*** Data listing ***

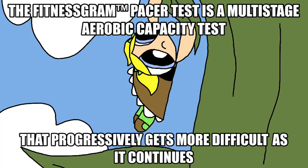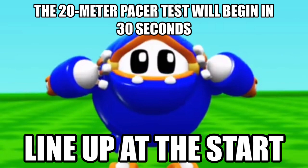The FitnessGram Pacer Test is a multi-stage aerobic capacity test that progressively gets more difficult as it continues. The 20 meter Pacer Test will begin in 30 seconds.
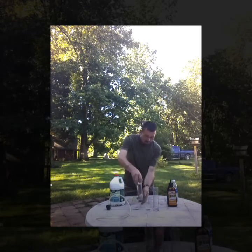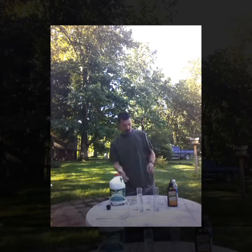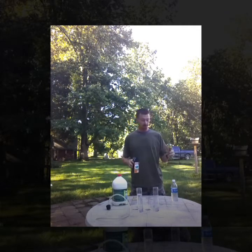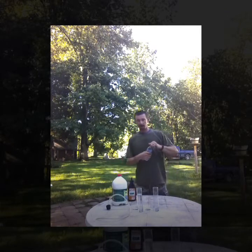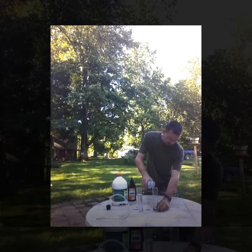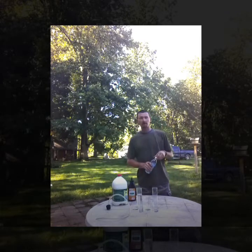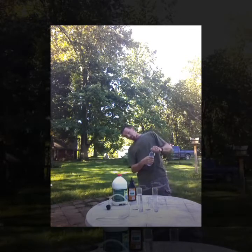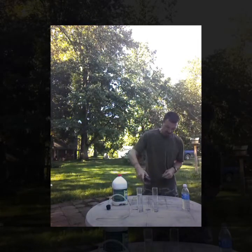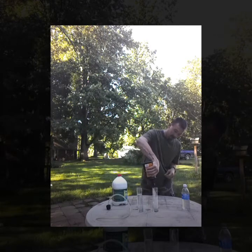Now, yes, for any science experiment you should measure what you're putting in. I do it like I cook — a little bit of this, a little bit of that. Good amount of distilled water in here, about a quarter to a third of the vial. Then you're going to go ahead and put your potassium nitrate in there. I like to get it good and cloudy.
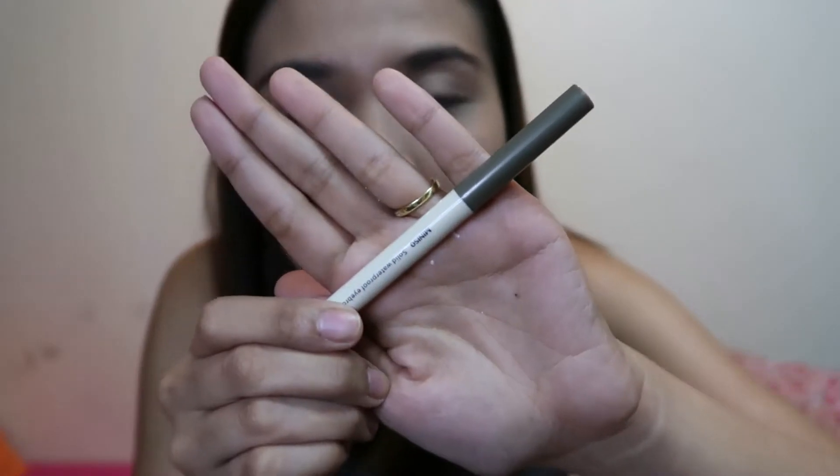So medyo natakpan na yung sa skin ko, and then doon na tayo sa kilay. So ang ginagamit kong pang kilay is itong Miniso Solid Waterproof Eyebrow Pencil. Ito talaga yung ginagamit ko sa everyday pang kilay ko. I-blend pa lang siya. Kung gusto nyo yung sobrang ayos pa ng sa kilay nyo, maglagay ka ng concealer — pero ako hindi na ako naglalagay.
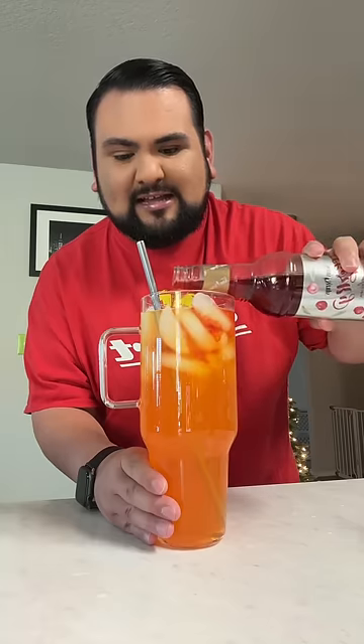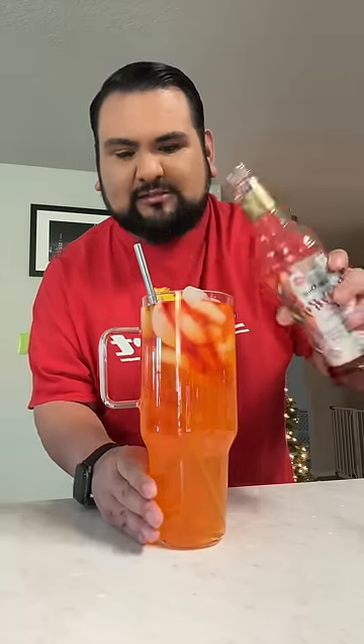Now I'm gonna add in some cherry skinny mix syrup — this is so good y'all. I'm just gonna add it right to the top so we can get a nice little ombre effect. And she is gorgeous — look at that! Alright, we have mango tangerine and cherry goodness here.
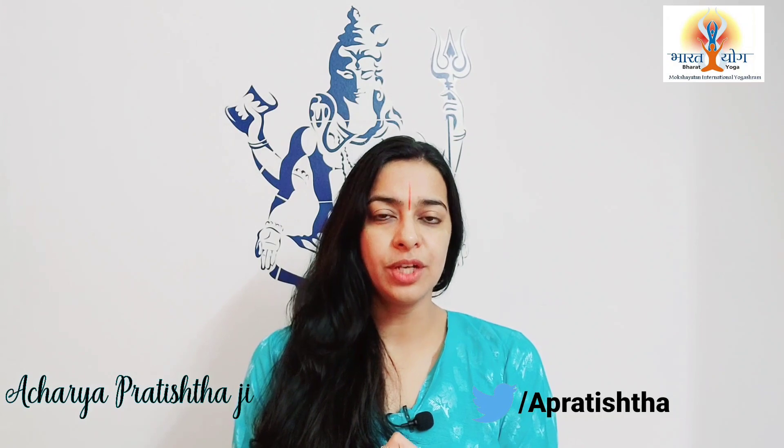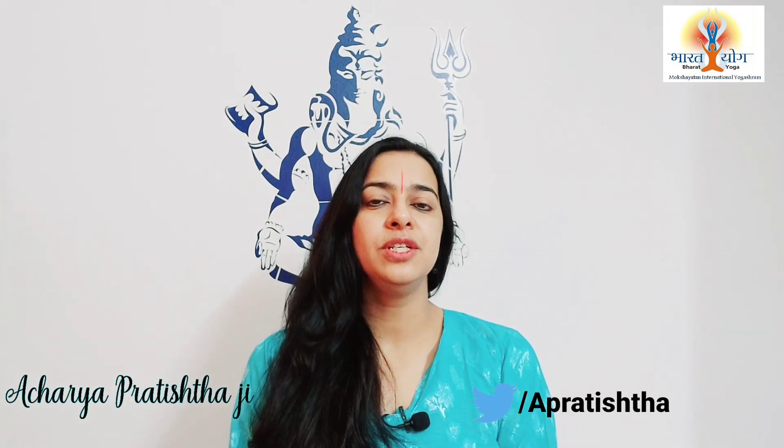Other than that, what you can do every day is Gharashan Kriya by Bharat Yoga. I have already shared a video on Gharashan Kriya in Hindi at Bharat Yoga YouTube channel and in English at Bharat Yoga English YouTube channel. If you have not seen that video, check the link in the description box. This Gharashan Kriya is an amazing practice to cure maximum ailments and can be done twice a day.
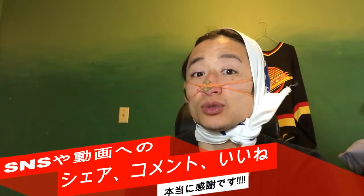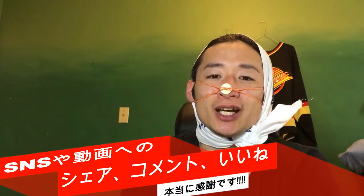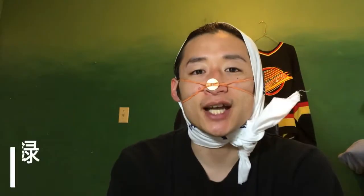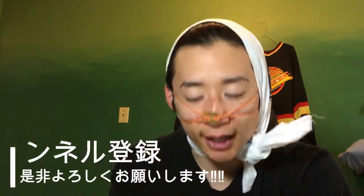お元気ですか？いつもですね、SNSでシェア、いいね、コメントありがとうございます。YouTubeのコメント、高評価も非常に僕の動画を作るモチベーションにつながってますので、ぜひご協力お願いいたします。チャンネル登録がまだな方はぜひチャンネル登録もよろしくお願いします。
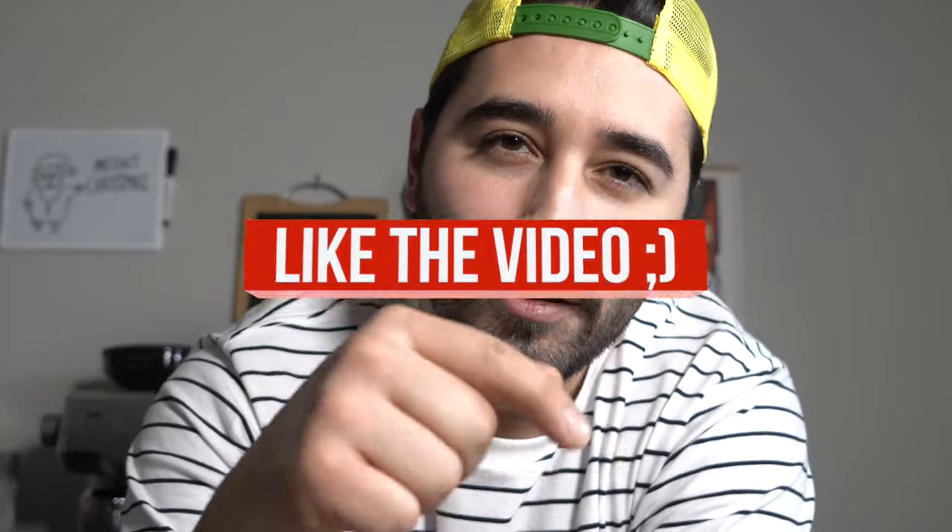Thank you for watching this video — go make yourself some of these right here, they're so good. Go ahead and like the video if you enjoyed it, subscribe if you're new here, and I'll see you in the next one.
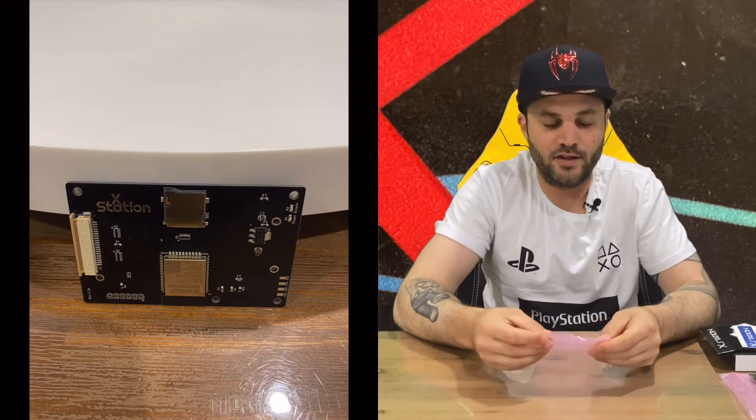Let me know down in the comments what you think. Maybe you're already using this — give some impressions down in the comments for myself and the viewers. That's everything included in the box, so we're going to conclude this part of the video.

*** End of Data listing ***

Please output, exactly as written, the lines above from the one holding "お元気ですか？いつもですね、" through the one holding "Thank you for", both included, with the pictures omitted.

お元気ですか？いつもですね、SNSでシェア、いいね、コメントありがとうございます。YouTubeのコメント、高評価も非常に僕の動画を作るモチベーションにつながってますので、ぜひご協力お願いいたします。チャンネル登録がまだな方はぜひチャンネル登録もよろしくお願いします。
Thank you for watching this video — go make yourself some of these right here, they're so good. Go ahead and like the video if you enjoyed it, subscribe if you're new here, and I'll see you in the next one.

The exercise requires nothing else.